Zona alta de Manhattan, Nueva York.
El frescor del aire acondicionado del autobús fue una bendición. Habían recorrido siete manzanas desde la casa del doctor Ambergris antes de coger el bus en un transitado cruce. Madison escogió un asiento de la parte de atrás y se dejó caer en el duro plástico. Grace le imitó, sentándose al lado.
Cuando por fin recuperó el aliento, Grace susurró a Madison al oído:
—¿Lo has visto? ¿Al tipo oriental que atacó a Crowe?
—Sí —dijo Madison mientras se masajeaba el tobillo herido.
—¿Quién diablos era? ¿Y por qué nos espiaba metido en el armario hasta que llegó Crowe?
—No tengo ni idea.
Grace se mordió el labio inferior.
—Y saltó por la ventana detrás de nosotros, pero no vi que nos persiguiera cuando llegamos a la calle. ¿A qué vino eso?

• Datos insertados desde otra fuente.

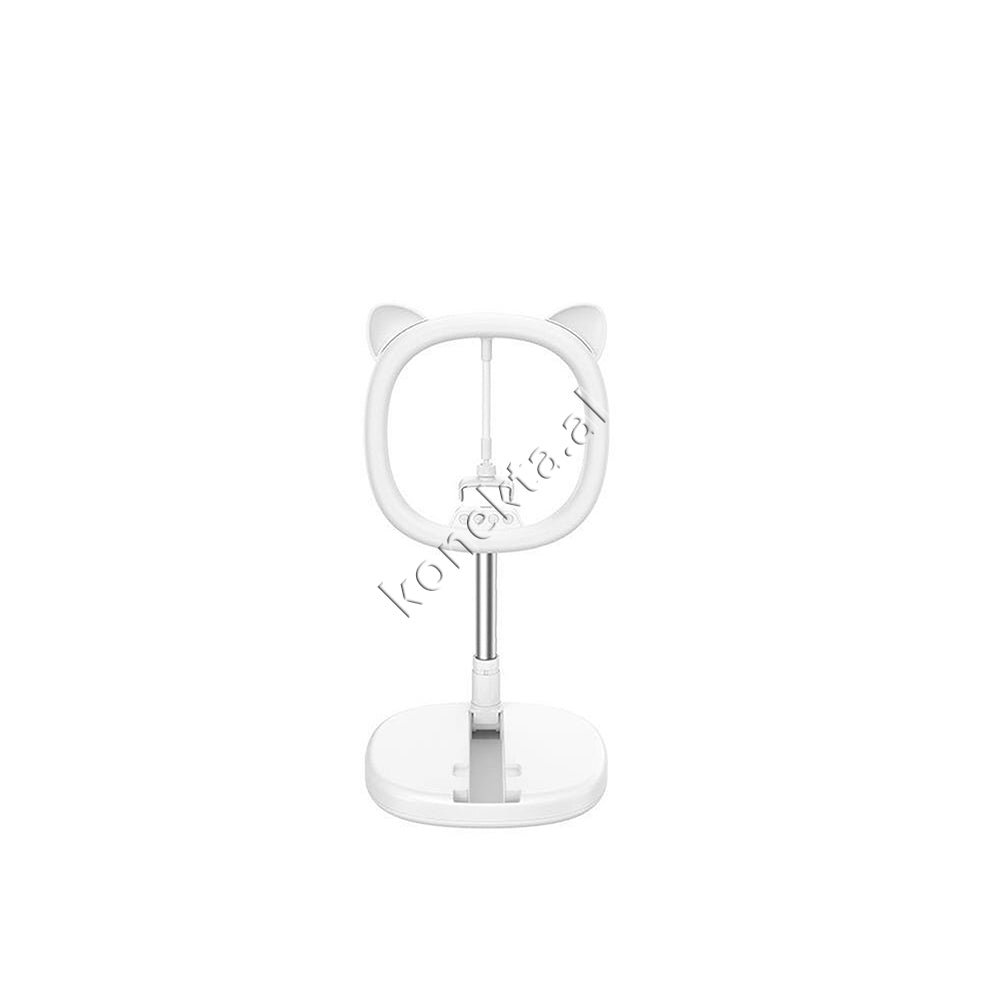 Remax Tripod Me Drite Rrethore LED Per Ndricim Perfekt - Image 1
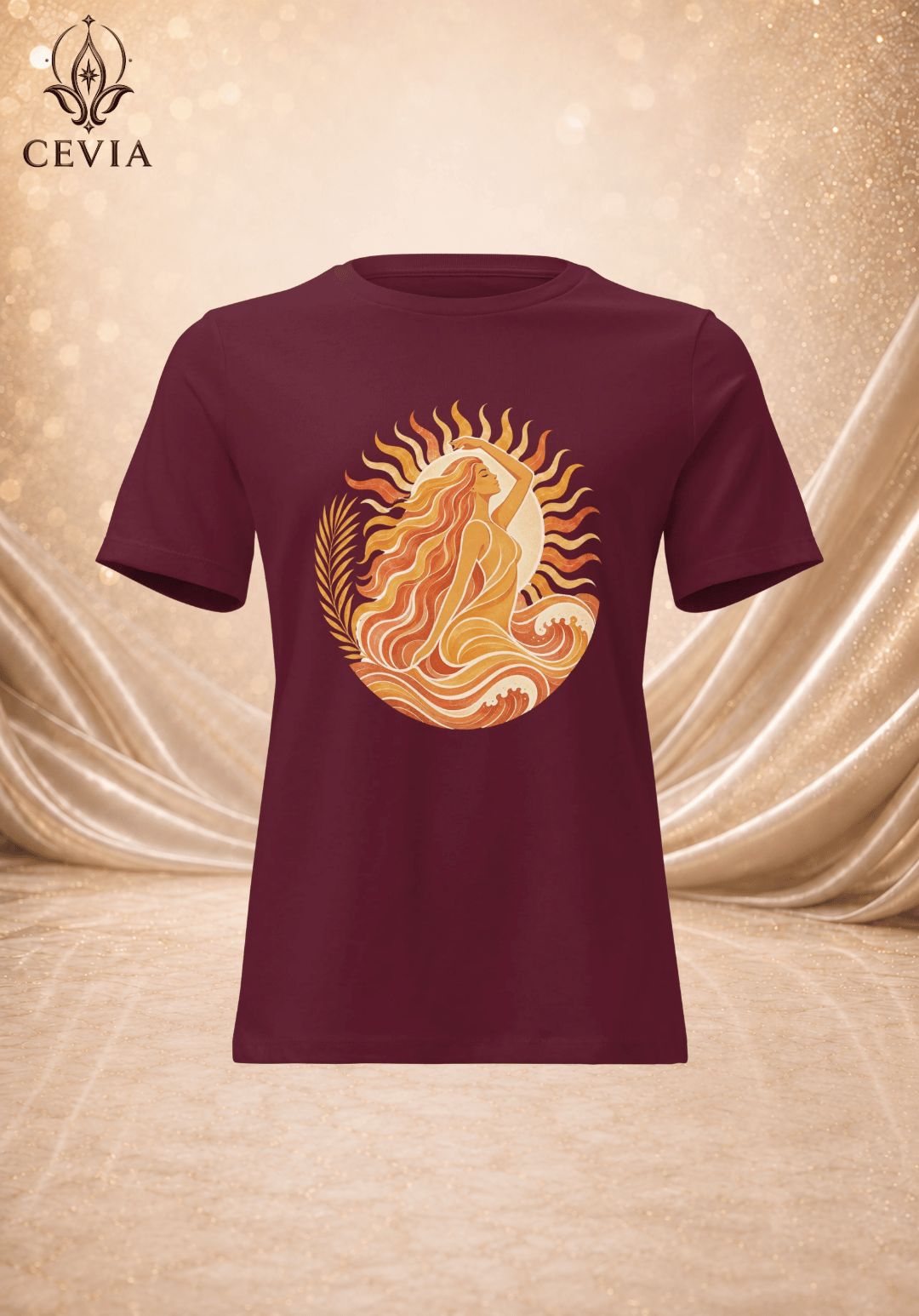The Solar Muse Graphic Tee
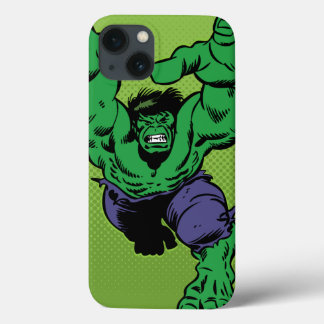 Hulk Retro Grab iPhone 13 Case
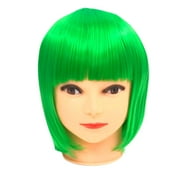 Neon Green Bob Wig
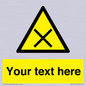 WV5112: Custom Harmful Sign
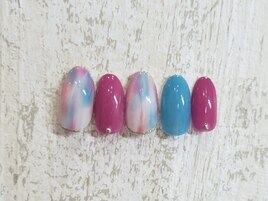 定額Design カラフル
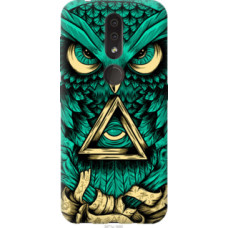 Чехол на Nokia 4.2 Сова Арт-тату (3971u-1680)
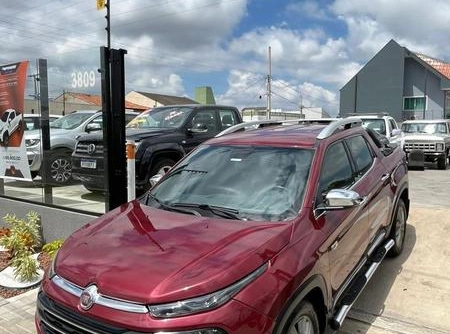Fiat Toro 2021 Vermelho — foto 1 de 1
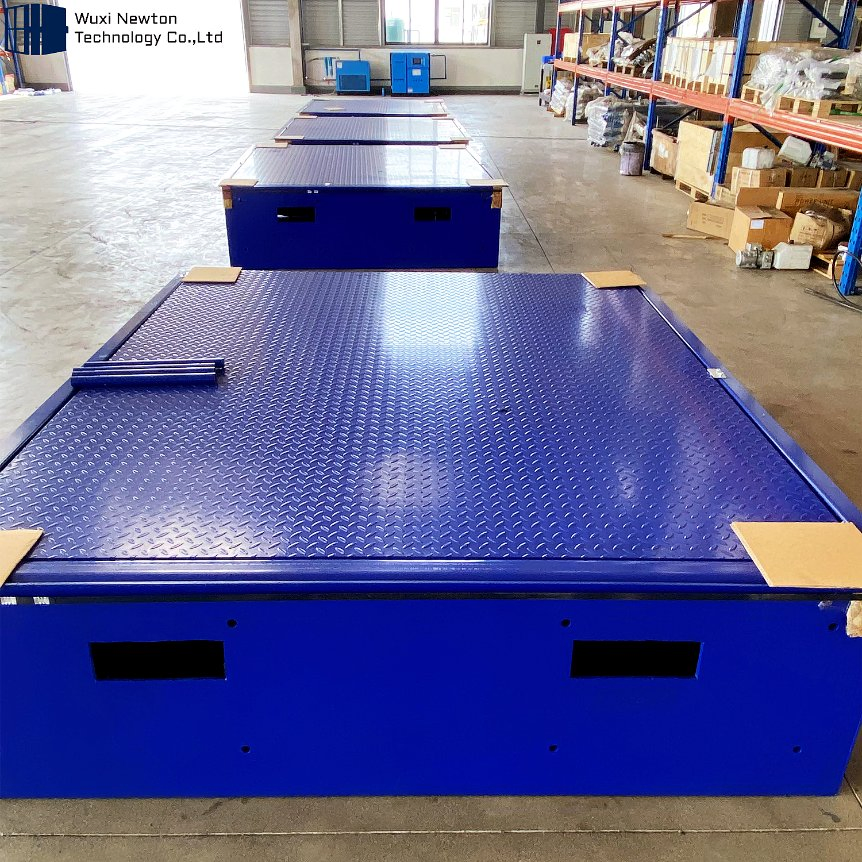 High Bearing Capacity Automatic Long Lip Hydraulic Edge Loading Equipment for Forklift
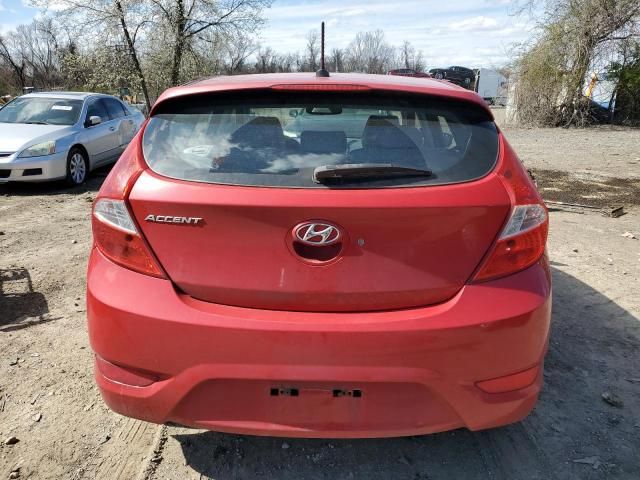 2013 Hyundai Accent GLS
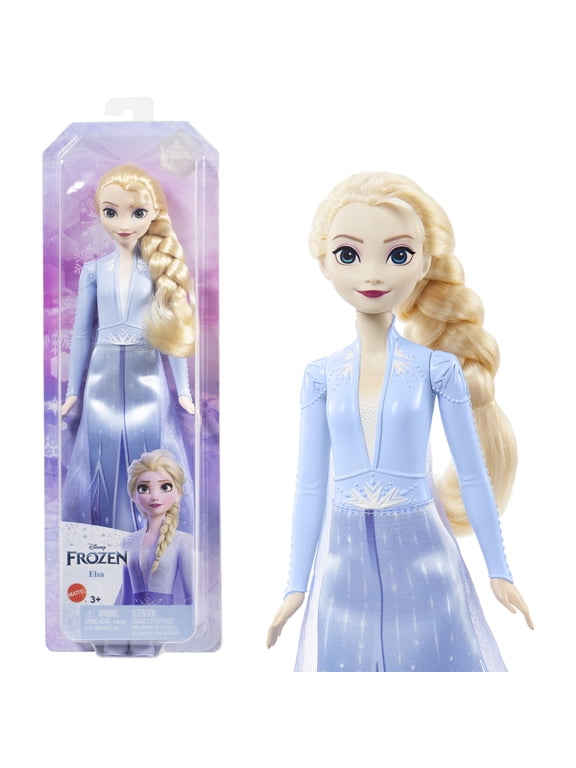Disney Frozen Elsa Fashion Doll & Accessory, Toy Inspired by the Movie Disney Frozen 2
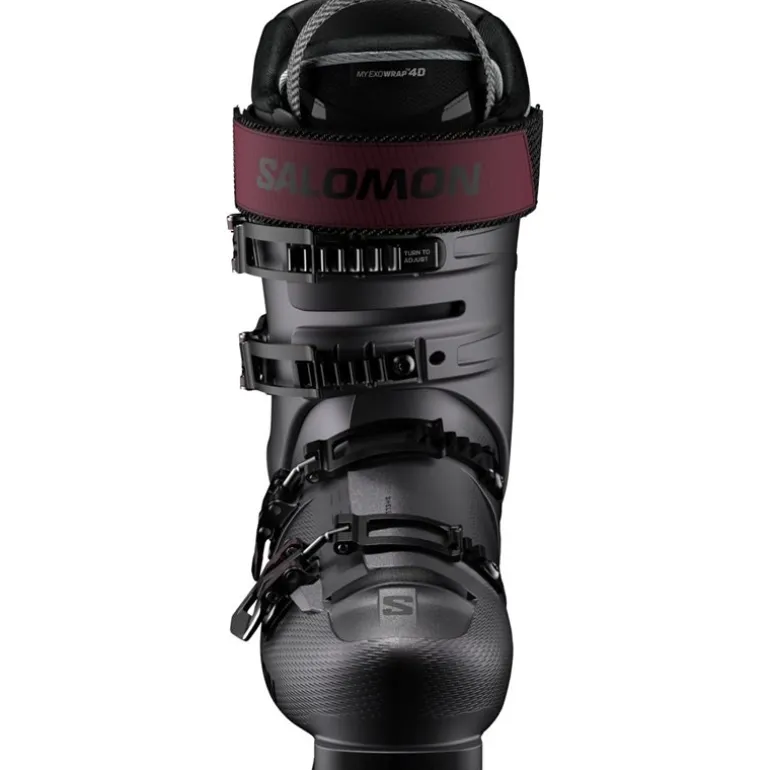 S/Pro Delta 120 Gw Beluga Met./Beluga Met./Burgundy Me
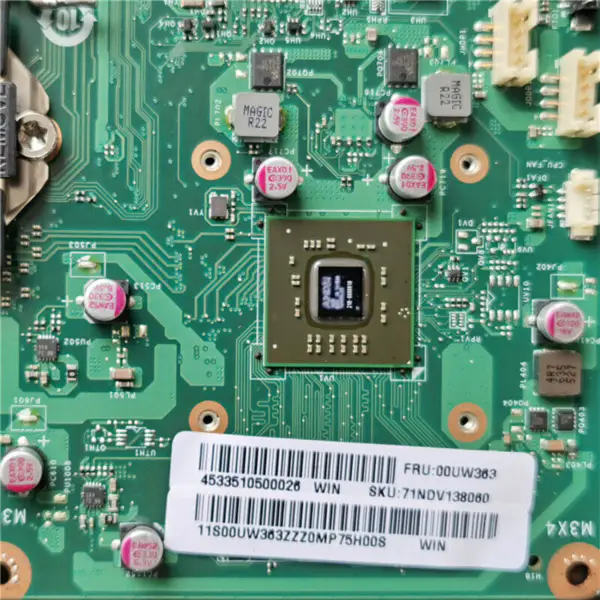 Lenovo 00UW363 LA-D952P -emolevy (Lenovo 00UW363 LA-D952P)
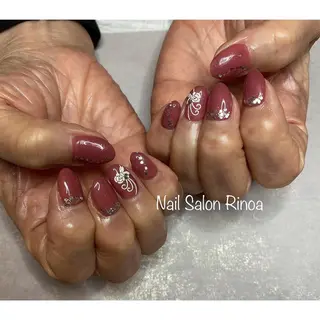 ネイル Nail Salon Rinoaのネイルデザイン
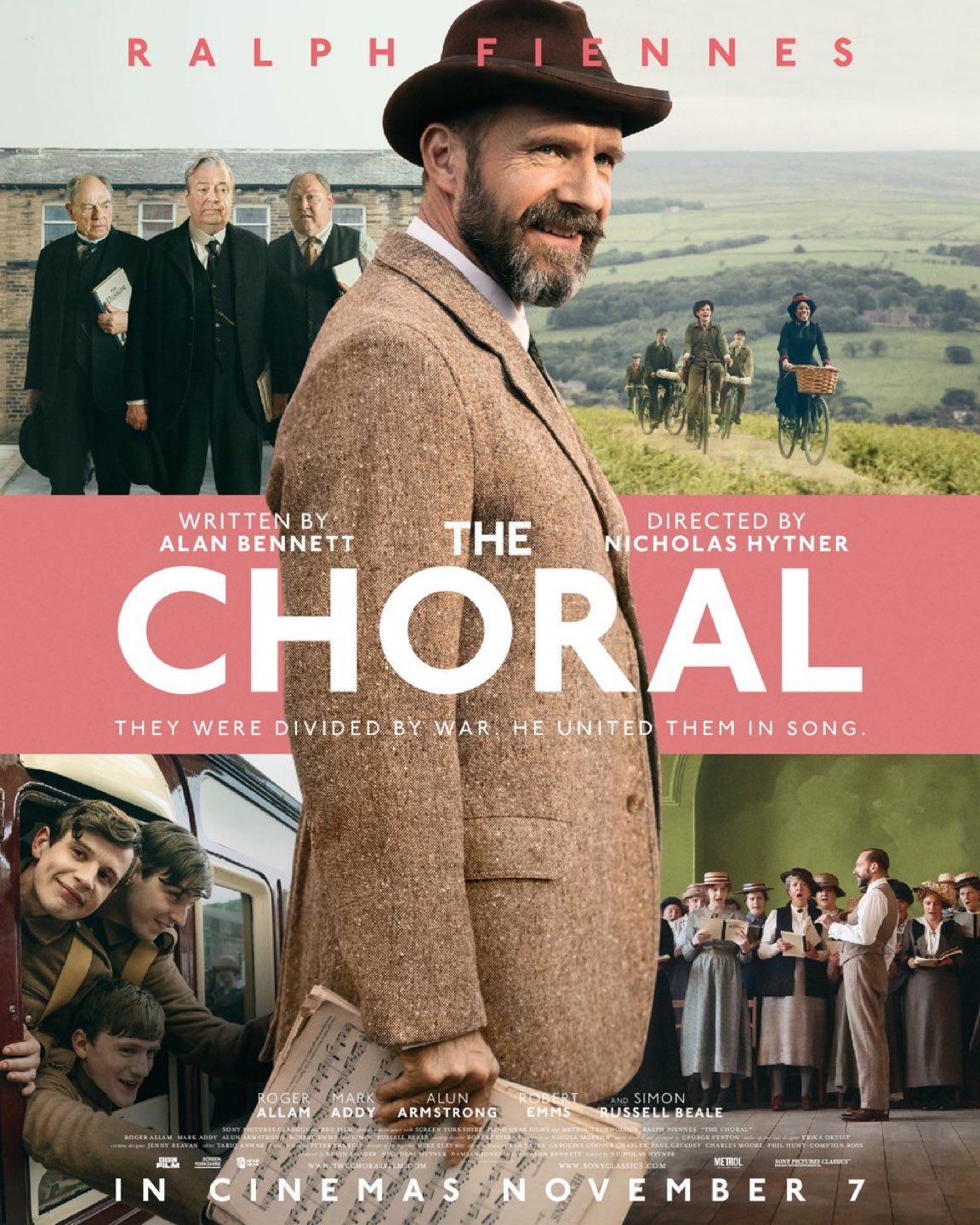 The Choral (2025) 720P Amzn-Web X264 Esub [Dual Audio][Hindi 5 1 English 5 1] -Msmod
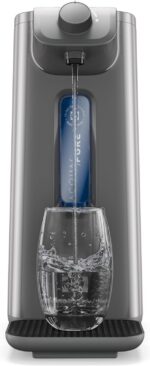 Electrolux Purificador de Água Natural Filtro Refil Compacto Tecnologia Acqua Pure Alta Filtragem 6 meses 3000 litros Design Moderno PN10X não necessita energia fixação na parede ou mesa/balcão - Imagem 2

—Grace, no lo sé... no tengo ni idea.
—Debería haberme llevado las cartas. Menudo desperdicio. Grace se repantigó en el asiento y apoyó la cabeza en el hombro de Madison.
—Déjame volver a ver el e-mail.
Él sacó la hoja doblada del bolsillo. Grace la desdobló sobre su regazo y alisó las arrugas con los dedos. Durante varios minutos contempló en silencio la parrilla de números.
—Bien, ¿qué sabemos hasta ahora? El doctor Ambergris trataba de decirnos algo. Sesenta y cuatro números dispuestos en un cuadro. Pero no en un cuadro cualquiera. Números en un cuadrado mágico. Y sabemos que la raíz de este cuadrado mágico es doscientos sesenta. Un año del calendario maya.
—Pero nos hemos atascado aquí —dijo Madison.
—Estamos pasando algo por alto.
—No es que yo sea un experto en cultura maya.
—Ni yo. Pero las cartas que había en la caja fuerte de Ambergris... —dijo Grace—. Todas de la doctora Bowman. Ambergris pasó mucho tiempo con ella. Y sé que es una experta en civilizaciones antiguas. Quizá nos dejara esas cartas para que la busquemos.
Madison asintió. Miró la hora.
—¿Has estado alguna vez en Yale? —preguntó él.
* * *
Crowe se secó la sangre de su nariz rota y marcó un número en el teléfono móvil. Una voz masculina atendió la llamada.
—Seguridad.
—Soy Crowe. Quiero un registro de las llamadas realizadas por el doctor Joshua Ambergris durante las últimas ocho semanas.
—¿Quiere que le llame luego?
—No —dijo Crowe—. Esperaré.
Crowe dio un puntapié a la silla del estudio de Ambergris, que se desplazó unos metros hasta chocar contra la pared. La nariz seguía sangrándole; las gotas caían al suelo.
La voz volvió al teléfono.
—Bien, lo tengo. ¿Qué está buscando?
—Cualquier llamada a personas ajenas a la empresa y que no sea a su casa o a parientes. Buscad cualquier cosa que se salga de lo común.
El agente de seguridad murmuró entre dientes mientras revisaba la lista de números y nombres.
—Aquí hay algo raro. Aparecen múltiples llamadas a una tal doctora Georgia Bowman, de la Universidad de Yale.
—¿Algo más?
—Sí. Bastantes llamadas al doctor Alberto Vásquez, de la Universidad de Chicago.
—¿Nada más?
—No. Aparte de eso, nada. Sólo las llamadas habituales.
—Dame los números. Y también las direcciones.